▸ **Exercise directions**: Look in the material below for the line holding "[Used]Carry DB52T Rear". Set it down exactly, with each later line up to and including the line holding "Der er fundet".

##### Recorded information #####

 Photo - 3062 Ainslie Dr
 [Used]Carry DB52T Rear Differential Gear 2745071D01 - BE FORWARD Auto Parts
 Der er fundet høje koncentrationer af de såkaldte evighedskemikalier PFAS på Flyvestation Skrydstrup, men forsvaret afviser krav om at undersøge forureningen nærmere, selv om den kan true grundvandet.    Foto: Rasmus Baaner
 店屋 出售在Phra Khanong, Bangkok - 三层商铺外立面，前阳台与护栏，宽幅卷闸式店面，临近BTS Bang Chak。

#####

▸ **Answer to the exercise**:
 [Used]Carry DB52T Rear Differential Gear 2745071D01 - BE FORWARD Auto Parts
 Der er fundet høje koncentrationer af de såkaldte evighedskemikalier PFAS på Flyvestation Skrydstrup, men forsvaret afviser krav om at undersøge forureningen nærmere, selv om den kan true grundvandet.    Foto: Rasmus Baaner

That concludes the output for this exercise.